El ex presidente Aznar siempre alardeó de apoyar a sus ministros de Hacienda y muy en especial a los encargados de velar por el control del gasto público. En esta tarea destacó el que durante un par de años fue director de la Oficina presupuestaria del Gobierno, José/Pepe Barea, un veterano economista con imagen de viejo cascarrabias, incómodo para propios y ajeno y que recortaba sin contemplaciones en unos tiempos –mediados de los noventa- en que había que cumplir con Maastricht. Mucho –la verdad- no resistió en Moncloa.
No era ni es fácil la encomienda. Y si no, que se lo digan al ministro Montoro, cogido como está estos días entre el fuego amigo y enemigo. Dicen que cuenta con el apoyo del presidente del Gobierno. Pero veremos a ver cuánto dura porque, cuando se desencadena la tormenta política y mediática, resulta difícil que escampe sin consecuencias sobrevenidas.
Además, al titular de Hacienda le ha pillado de lleno la sentencia del Tribunal Constitucional sobre la amnistía fiscal de 2012. Para algunos, el veredicto del alto tribunal ha ido más allá del objeto del recurso presentado por el PSOE, tal vez por aquello de satisfacer las posiciones de los magistrados que pasan por progresistas y practicar así la moda –un tanto absurda- de las sentencias por unanimidad.
Sea como fuere, la amnistía fiscal fue –supongo- una decisión colectiva del Ejecutivo, pero cuya responsabilidad política está recayendo casi en exclusiva sobre las espaldas del ministro. En fin: ya se sabe que en los Gobiernos del PP actual apenas nadie sale en socorro de nadie y cada quien se ve obligado a defenderse por su cuenta. Incluso Rajoy suele ser poco explícito en tales coyunturas.

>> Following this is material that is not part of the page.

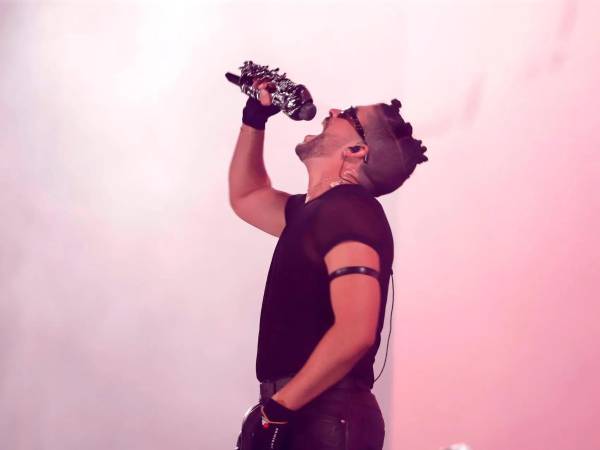 El cantante puertorriqueño Bad Bunny es el más escuchado en el mundo, de acuerdo con Billboard.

Hasta a cuatro preguntas sobre la oficialmente llamada declaración tributaria especial tuvo que contestar Montoro, una por una, el otro día en el pleno del Congreso. Y aquella misma tarde hubo de emplear otras tres horas para responder sobre lo mismo a los mismos en la Comisión de Hacienda. Y así sucesivamente: comparecencia en el Senado, interpelación, moción consiguiente y reprobación como traca final.
Todo un festival para la oposición –junta y revuelta- a propósito de una cuestión que, además, ya había sido más que debatida cuando el texto pasó inicialmente por las Cámaras para su convalidación como decreto-ley y posterior tramitación como ley, y que –aunque sea incorrecto decirlo- algún efecto positivo ha tenido.
Bien es cierto que, convertida en rutina, la reprobación está perdiendo el escaso valor político que pudiera tener. A este paso, “vamos a acabar reprobando a un director general, dentro de nada reprobaremos a un secretario técnico y acabaremos reprobando a un ujier de un ministerio o, a lo mejor, al ministerio entero”. Razón no le faltaba al diputado de Ciudadanos que, aunque engreído como todos sus compañeros de filas, así se expresó días atrás a propósito de otro caso.